There are, however, a few weaknesses in the report to which I think I should draw attention. In the first place, it is not, to my mind, adequately supported by research. When we read the interim Report on Adult Education in Ireland—in particular its remarks on functional illiteracy—I think we were looking forward to the final report in the hope that it would contain statistics which would show us how bad the problem really was, not just so that we could engage in an exercise of self-flagellation, but so that we would have a realistic appraisal of the problems to be faced. We find, between the interim and final reports, very little or no extra research has been done. I must blame the Department of Education for not making the necessary funds available to do this and contributing to what is a weakness in a report that is otherwise, in many respects, a valuable one.

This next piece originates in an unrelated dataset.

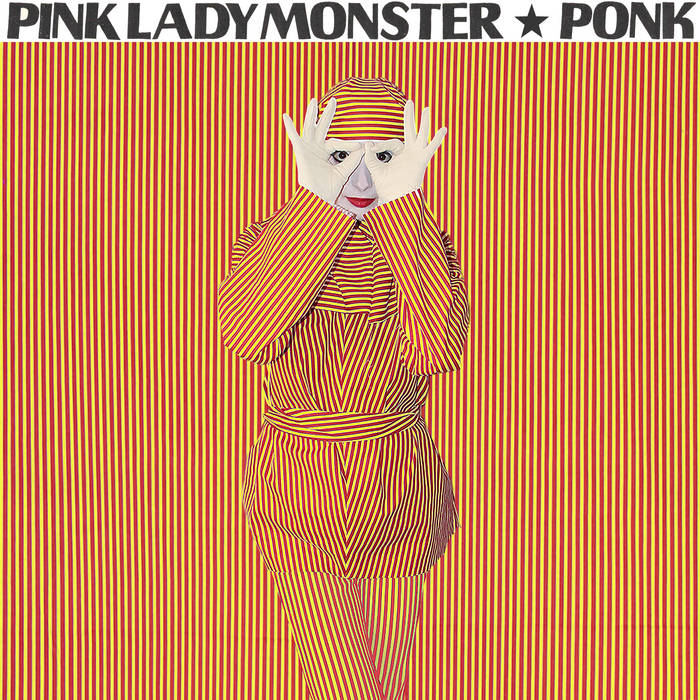 PONK | pink lady monster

There are three other brief faults in the report to which I would like to draw attention. I find it, to a certain extent paternalistic. It does seem to talk down to the student and, when we consider that in adult education, the student can be anything from 16 to 60 and even older in age, the less paternalism we have the better. There is not an awful lot in this report about the creative role the student himself can play in adult education. He does not want a cultural handout; he is an adult human being with his own sensibilities, his own passions, his own politics; all these he brings to any system of adult education. He should be encouraged to bring them and any system of adult education which is set up should be such that he can make use of them.

Another point on which I think the report is slightly at fault is that it makes no reference to the question of fee paying. There are numerous adult education courses run in various locations in this country. The fees vary; they can be as low as £3 or £4; they can be as high—I am thinking of one university extra mural course in particular—as about £18. I think that a firm decision to make adult education totally free, for whomsoever it is provided, would do more to encourage participation in adult education than any other single gesture. It is not often realised how much £4 or £5 can mean to the sort of person who might be thinking of involving themselves in adult education literacy courses or things like that. Of course, it is usually the poor, and the poorest of the poor, who are most in need of these courses, which I think adds strength to my argument about the need to remove fees.

The final point of criticism I would make of the report is that it seems to be singularly uninformed with regard to developments in Northern Ireland. This is an endemic problem in our educational system. We have a considerable amount of knowledge and punditry about educational systems in every country in the world. Yet we have this enormous blind spot about that part of an island to the north-east of us which is closest to us physically at least, and one might suggest also in many respects culturally, than any other part of the world. I believe that Northern Ireland's experience in the field of adult education has a lot to contribute to us down here and we should not, for whatever reason, turn a blind eye to it.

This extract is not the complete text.